Taking the Jug off is a relaxing experience due to its size. On the second flight of the pre-production prototype, I tossed it up without sufficient throttle and the plane nearly stalled about five feet above ground. Panicking, I fire-walled the throttle and surprisingly, the Jug zoomed right off, without a touch of torque roll or leftward yaw! On a 2300 KV motor, both underhand and overhead tosses should unfold uneventfully. Higher KV motors will make this P47 scream even on 3-cell, but stepping down to a 5" propeller may be preferable for less experienced pilots.
The Jug definitely does not fall short of exhilarating when it comes to aerobatics. From long and lazy cuban eights to snap rolls and vertical climbouts, the mini P47 can push the limits of foamboard model performance in the right hands. Similar to the FliteTest Mini Mustang, it can switch between docile low passes and high energy stunts with a click of the rates switch. Depending on the weight of your build, you may need to carry some throttle on landing approaches, but team member David Haakinson and I both noticed that the Mini P47 – once well trimmed – can break into an effortless and smooth glide.

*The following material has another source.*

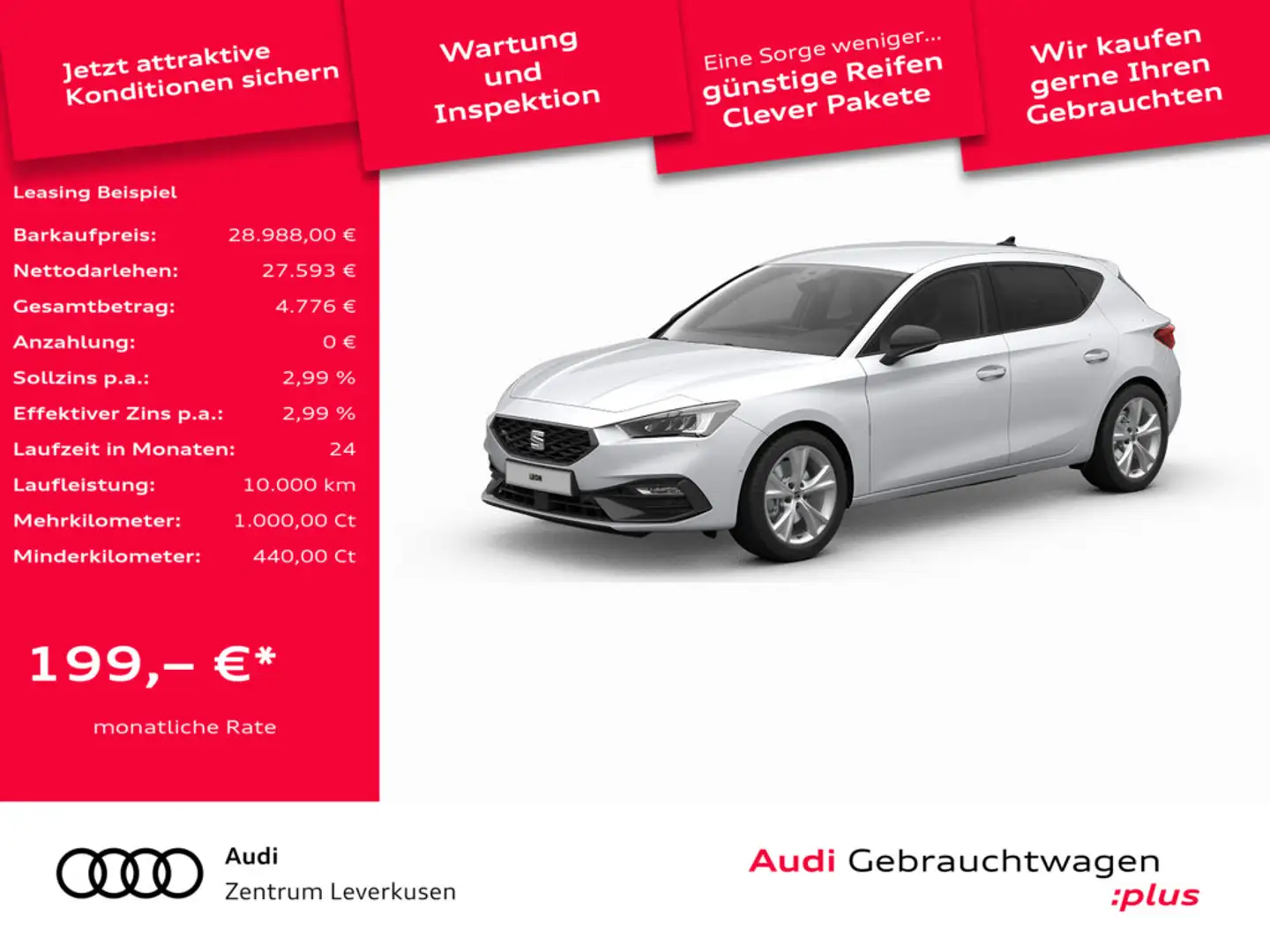 SEAT Leon 1.5 eTSI FR KAMERA NAVI ACC FACEL. LED Weiß - 1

Experienced builder and pilot George Coia related his account of flying his wonderful build:
"The mini p-47 looks more like a store-bought model than a DIY build. For it's size it [flies] amazingly stable. And super fast with a 2205RS 4S setup. Nobody at my flight club could believe it was a foam board model until they got up close to it. Love this plane ... close to 100 flights so far."
Whatever your skill levels are in terms of building and flying, I hope that this model has inspired you to follow your passion in aviation and pursue your dream projects. As for this P47, the design could not have come to reality without the support and unfailing encouragement from the FliteTest community, especially each and every one of the beta builders. It was truly humbling to see members such as speed legend Nic Lechner, retired Navy veteran David Swartz and experienced scratchbuilder Jason Potosky put their minds and hearts together to push this build to the next level.
Today, the 27th of June, is National PTSD Awareness Day, and I would like to dedicate this project to all those who served for justice and humanity. It is my honor, as a member of the FliteTest family, to play a small role in carrying the legacies of their service and of aviation stalwarts like the P47 Thunderbolt into the coming years.
Words aren’t enough to thank FliteTest for the encouragement and support they provided through their show and their community for me to pursue this design in an economical and educational manner. Thank you for reading this article, and happy flying!!!